Honey We're Home 2012 Recap

One of the things I like best about home blogging is that it's a chronicle of your life, a record of what you've been up to on the home front.  As the year comes to an end, it's fun to look back and see the visual reminders of what happened throughout the months.  2012 marked the second year in this house and we definitely made some improvements.  I picked one post from each month to show some of the progress/projects throughout the year.  You can click on the picture to read the entire post.


I stared the year by restyling our media cabinet in the living room.  I painted the back Jamestown Blue when we first moved in, but the shelves were mostly monochromatic until January when I added in more books (some for $1 at Half Price books), and some other decorative objects and photos.

I get a lot of questions about the media cabinet, where we got it, etc.  This unit was built in with the house and designed by our builder.  I plan to show you behind the doors and drawers in the near future.  Handy things like diapers, crayons/paper, and television equipment lives in there.  Hopefully, diapers will be obsolete around here in the near future.  Tips anyone??


In February, our master bedroom got a whole new look with new upholstered bed and bedding.  The bed is from Overstock and I still love it- although a taller headboard would be more dramatic.  We previously had a dark brown leather headboard and this change makes the whole room feel lighter and brighter.  

(Surprisingly, this was one of the most popular posts on my blog this year.) 


I was feeling a little crafty in March and punched out about 400 mini hearts and made some paint chip art on canvas.  These boards hung on my office wall for many months, but have since been replaced by a large silver mirror.  


One of my favorite new additions to our home was the fiddle leaf fig.  It was so pretty and looked so good in the living room.  Sadly, the tree died.  I had one in my old office that thrived (the office got a ton of natural light and there was a professional to water it).  If you've kept your fiddle leaf fig alive, I'd love to hear how!


I added a cowhide rug to the living room after eyeing it for months.  I liked the layered look, but have since moved the rug to my office.  


In June, I showed you our master bathroom.  I like to keep the counters pretty bare and use the drawers and cabinets to store everything. 


I updated our summer mantle with a large aqua and white chevron vase from Kirkland's that people really liked.  I also changed out the mirror from a heavy wooden square to this larger gold one.   


One of my favorite projects of 2012 was painting our kitchen cabinets dark grey (Urbane Bronze by Sherwin Williams) after being inspired by Emily A Clark.  The dark paint and white accessories made such an impact in the kitchen. I only wish I'd done it sooner!


Being passionate about healthy eating, I launched a health and fitness blog, Honey We're Healthy.  The blog features recipes and workouts, including the routine I'm currently doing and my progress.  The most read post this year was actually a post from 2011 "My Eat Clean Meals" and another top post was  also from 2011 "Losing the Baby Weight".  Having seen such interest in these posts helped me decide to start a second blog so I could develop those topics more and keep Honey We're Home mainly about home/decor.  

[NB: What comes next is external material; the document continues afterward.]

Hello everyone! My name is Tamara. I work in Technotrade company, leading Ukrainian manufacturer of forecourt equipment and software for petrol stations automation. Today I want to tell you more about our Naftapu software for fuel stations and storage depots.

A favorite room makeover this year was my home office.  The simple act of turning my desk to face the window made a huge difference and then I painted the walls white, changed out the drapes and rug, and lined the Ikea Expedit bookshelf with a flat sheet.  


Another quick update to our home was achieved when I painted our interior door dark grey.  I love the result.  

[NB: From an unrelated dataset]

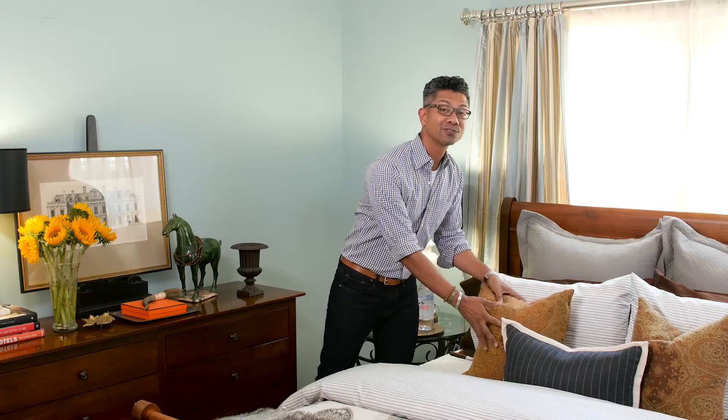Hi, I'm Will. I want to show you how to transform a summer room into a fall sanctuary to get you ready for that season ahead. Let me show you how.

Finally, I showed you how to make your own Christmas card with the free online photo editing tool, PicMonkey.  It's so easy and fun to use- I'm always playing around on their site. 

I also wanted to thank my top ten blog referrers of 2012:

Most of all, I want to say THANK YOU to Honey We're Home readers!  A few months ago, I mentioned I might have deleted some reader emails before responding when I intentionally cleared out my inbox in an effort to simplify my personal life.  I have felt terrible about it ever since and have begun to filter emails so I don't miss any of your messages from now on.  Thank you for sticking with me and supporting this blog with your readership.  

I appreciate you. 

To FOLLOW Honey We're Home, go HERE.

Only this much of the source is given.